* _EXTRACTED DATA_:
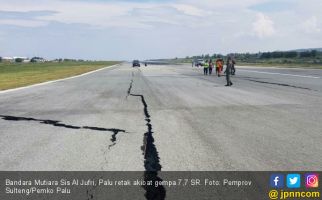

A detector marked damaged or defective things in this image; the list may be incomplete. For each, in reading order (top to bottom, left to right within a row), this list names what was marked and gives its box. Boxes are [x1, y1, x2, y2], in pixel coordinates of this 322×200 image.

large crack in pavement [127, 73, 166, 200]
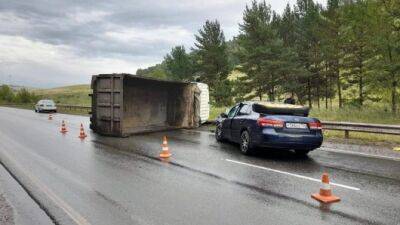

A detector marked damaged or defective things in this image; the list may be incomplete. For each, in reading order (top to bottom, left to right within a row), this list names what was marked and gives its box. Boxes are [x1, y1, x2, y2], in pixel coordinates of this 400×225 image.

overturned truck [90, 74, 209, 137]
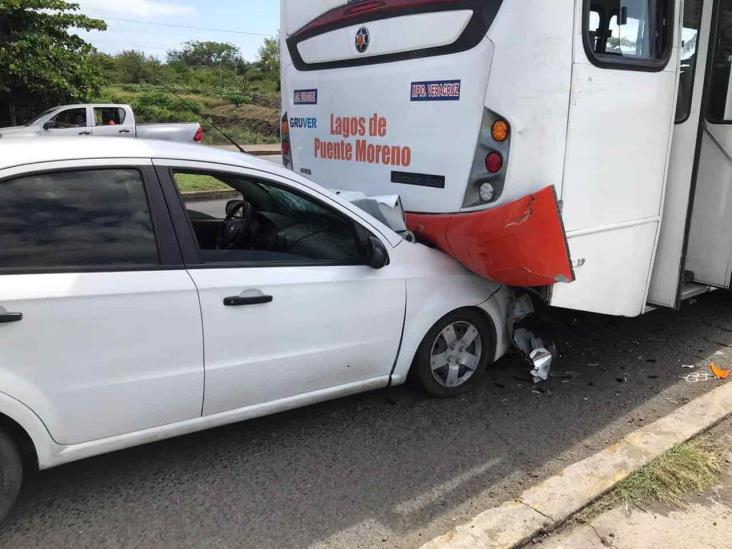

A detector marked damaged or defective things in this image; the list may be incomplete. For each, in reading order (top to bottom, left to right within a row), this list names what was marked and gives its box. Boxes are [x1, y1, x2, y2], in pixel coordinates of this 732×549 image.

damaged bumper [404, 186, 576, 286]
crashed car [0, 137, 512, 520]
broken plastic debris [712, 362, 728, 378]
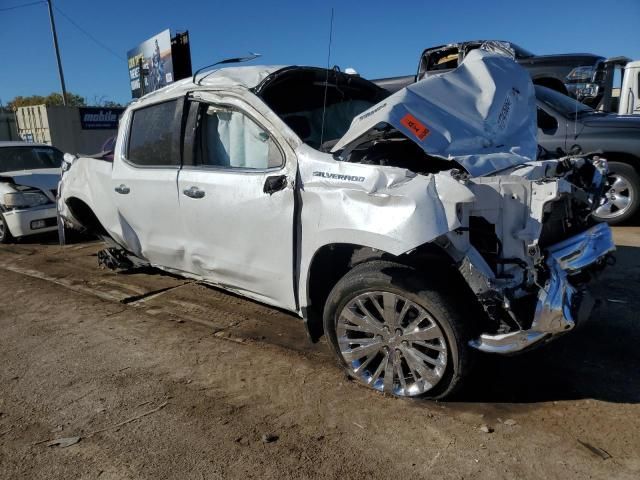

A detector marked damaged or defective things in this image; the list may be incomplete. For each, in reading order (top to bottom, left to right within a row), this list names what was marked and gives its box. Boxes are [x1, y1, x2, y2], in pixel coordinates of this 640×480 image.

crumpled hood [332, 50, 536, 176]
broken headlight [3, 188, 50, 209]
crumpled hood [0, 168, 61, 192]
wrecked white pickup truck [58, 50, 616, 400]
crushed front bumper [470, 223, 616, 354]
==
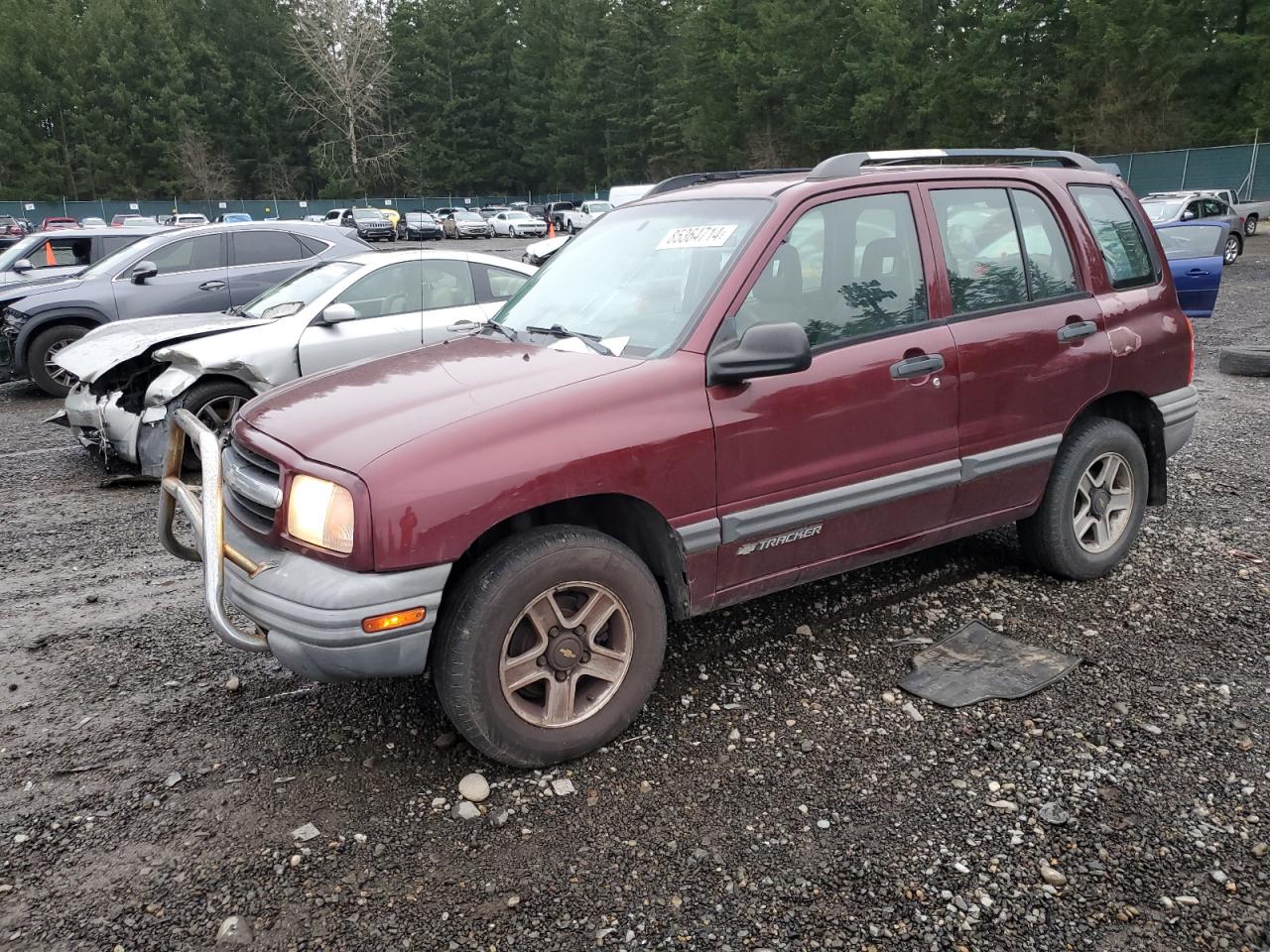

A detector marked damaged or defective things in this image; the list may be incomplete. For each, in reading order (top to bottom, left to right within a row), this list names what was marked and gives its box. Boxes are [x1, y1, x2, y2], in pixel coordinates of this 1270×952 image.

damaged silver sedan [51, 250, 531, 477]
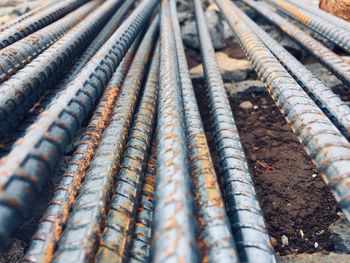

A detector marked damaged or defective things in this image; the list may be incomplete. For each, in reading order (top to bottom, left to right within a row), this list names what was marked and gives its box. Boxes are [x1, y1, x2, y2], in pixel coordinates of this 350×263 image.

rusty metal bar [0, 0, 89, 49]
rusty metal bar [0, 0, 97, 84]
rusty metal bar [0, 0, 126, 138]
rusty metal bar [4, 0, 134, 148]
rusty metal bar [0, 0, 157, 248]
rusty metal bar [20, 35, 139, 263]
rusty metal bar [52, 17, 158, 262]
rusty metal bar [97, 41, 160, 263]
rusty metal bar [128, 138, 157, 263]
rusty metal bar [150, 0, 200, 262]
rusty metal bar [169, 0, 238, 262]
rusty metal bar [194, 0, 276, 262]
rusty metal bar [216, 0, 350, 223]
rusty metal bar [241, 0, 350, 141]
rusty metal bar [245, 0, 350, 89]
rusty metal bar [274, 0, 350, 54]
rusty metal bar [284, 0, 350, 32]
...
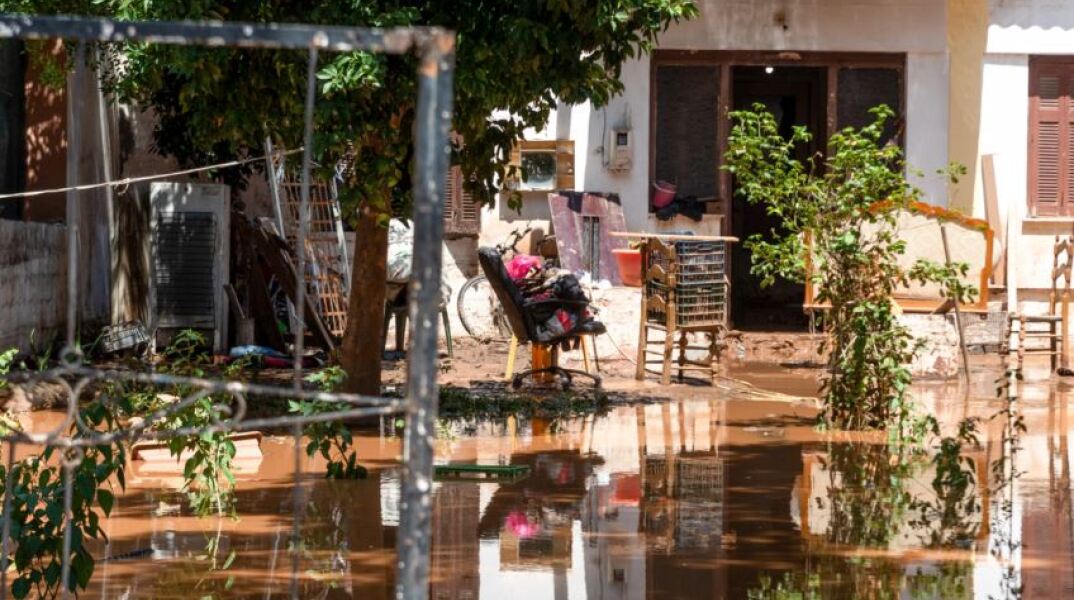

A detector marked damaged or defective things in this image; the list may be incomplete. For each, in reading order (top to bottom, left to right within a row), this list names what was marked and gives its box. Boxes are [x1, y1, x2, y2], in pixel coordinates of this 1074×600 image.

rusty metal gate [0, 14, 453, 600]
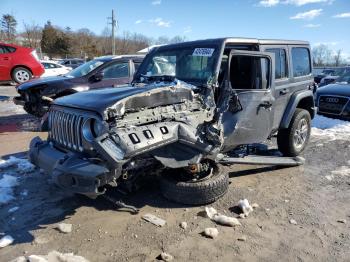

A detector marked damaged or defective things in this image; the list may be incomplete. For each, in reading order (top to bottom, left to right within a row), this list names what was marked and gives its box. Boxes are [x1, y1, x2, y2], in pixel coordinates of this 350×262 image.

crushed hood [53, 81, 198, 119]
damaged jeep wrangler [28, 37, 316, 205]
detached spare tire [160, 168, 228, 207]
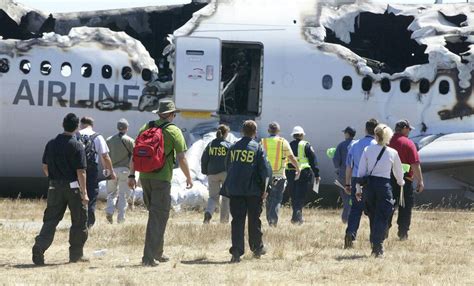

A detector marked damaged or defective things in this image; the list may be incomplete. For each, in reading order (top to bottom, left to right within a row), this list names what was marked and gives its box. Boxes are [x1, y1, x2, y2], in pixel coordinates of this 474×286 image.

* _EXERCISE GOAL_:
The lines to set down run from the line with "this 350×262 image." up to and including the line with "this 474×286 image." in the entries above. Reproduce them exactly, with no pictures.

* _PROBLEM SOLUTION_:
A detector marked damaged or defective things in this image; the list may be incomplete. For each, in reading order (top to bottom, left to right within a row), this list names what was marked and gives its box. Boxes are [x1, y1, x2, y2], in pixel coordinates of this 350×262 image.

crushed hood [53, 81, 198, 119]
damaged jeep wrangler [28, 37, 316, 205]
detached spare tire [160, 168, 228, 207]

A detector marked damaged or defective things in this image; the list may be incomplete. For each, in reading order (top to bottom, left to right within a row), this list names what was marked and gives its box. Boxes are [x1, y1, x2, y2], in pixel coordinates of this 474×286 image.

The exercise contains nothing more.